10 Jun NiteCap Journal: How Hurricanes Irma and Maria Inspired Bird-Watching
My fascination with birds began with a hummingbird who built her nest outside the front door of my childhood home in St. Thomas. Sometimes she even allowed me to pet her while crouched on her eggs, leaving me in awe of her devotion and wanting to discover her life beyond my doorstep.
My favorite TV show, “Marty Stouffer’s Wild America”, airing on PBS, the only station I watched in the absence of cable, peeked my interest in nature. However, the Antillean-crested hummingbird like the one nestled at my doorstep, and bananaquit aka “yellow-breast” I observed fluttering in our garden never made a cameo on Marty’s storied program. His explorations didn’t venture to St. Thomas, leaving me with no guide to follow along my own wildlife odyssey.

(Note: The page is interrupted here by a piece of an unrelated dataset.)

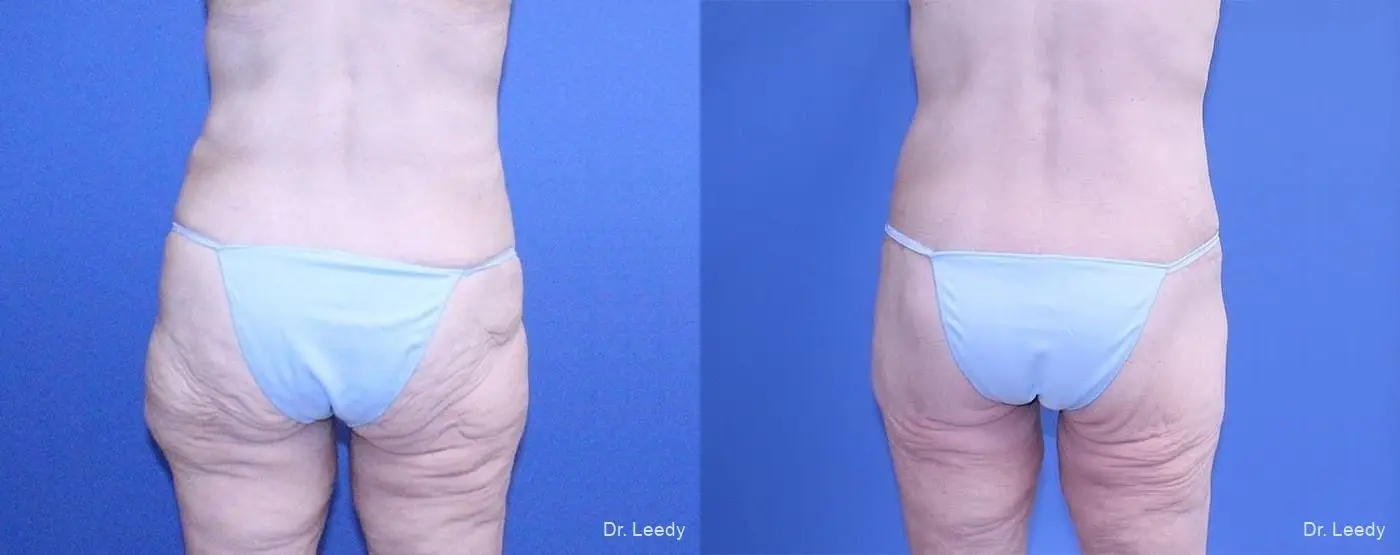 Surgery After Weight Loss: Patient 4 - Before and After 3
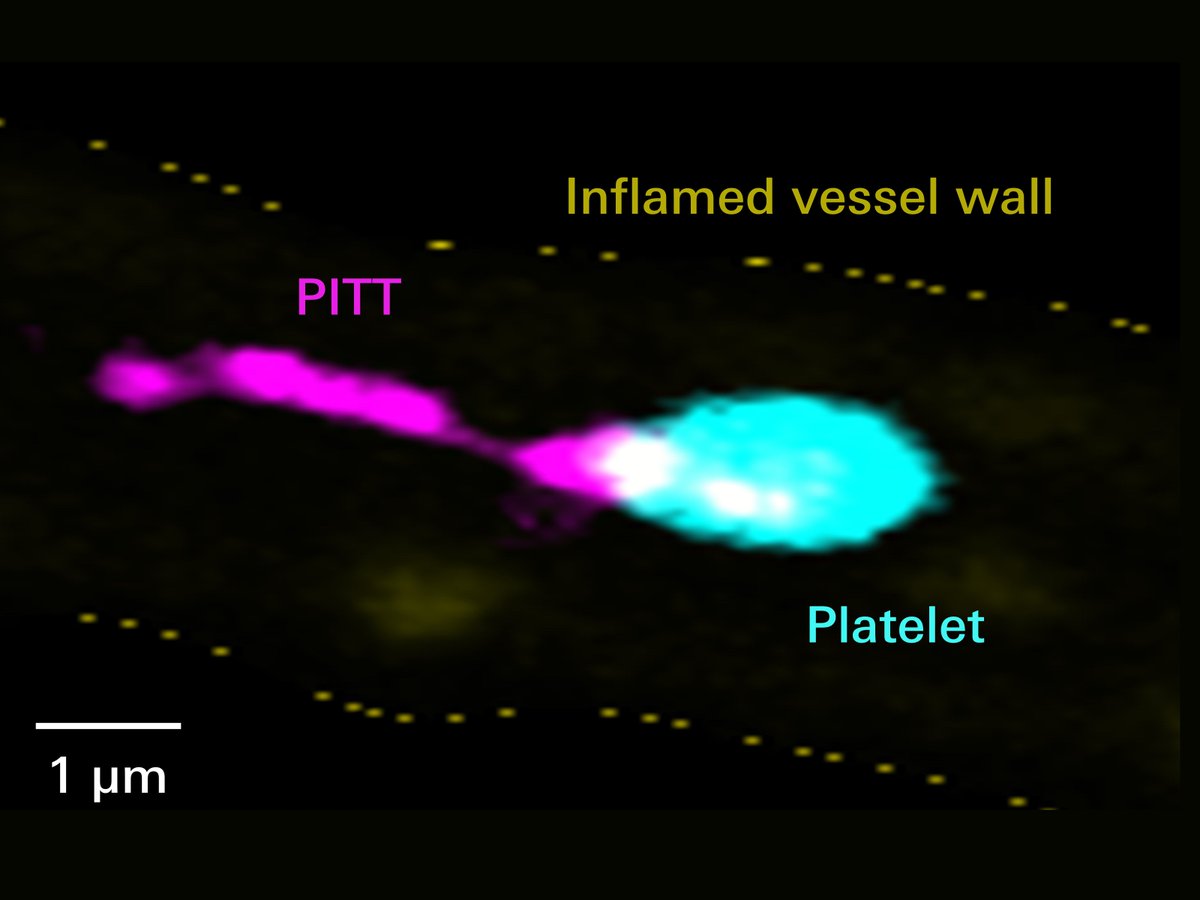 Congrats 👏🏼Further information on this great project about PITT - platelet-derived integrin- and tetraspanin-enriched tethers - can be found here, in English: idw-online.de/de/news831786 and in German: ukw.de/aktuelle-meldu…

Nevertheless, myself and my older brother Marcus turned our backyard into a miniature wildlife refuge. Marcus designed elaborate cages for the turtle doves we caught in the woods utilizing the ancient stick, string and cardboard box trap. We even dug a salt water pond for the sea urchins, baby eels and array of coral fish we caught amid the rocks at Vessup beach.
The stray kittens who found refuge at our residence entertained themselves by sticking their paws in the pond. We didn’t mind as long as they didn’t try devouring the hens and their chicks who also found respite, so much so we built them a chicken coop. Somehow, those cats and even our dogs understood that every living creature in our backyard were family and operated as such.
The birds were my favorite.
I considered them to be otherworldly, soaring to places only visited by my imagination. Living on a 32 square mile island, geographically isolated from the dreams I believed lied beyond the oceans engulfing us, I too wished I could fly.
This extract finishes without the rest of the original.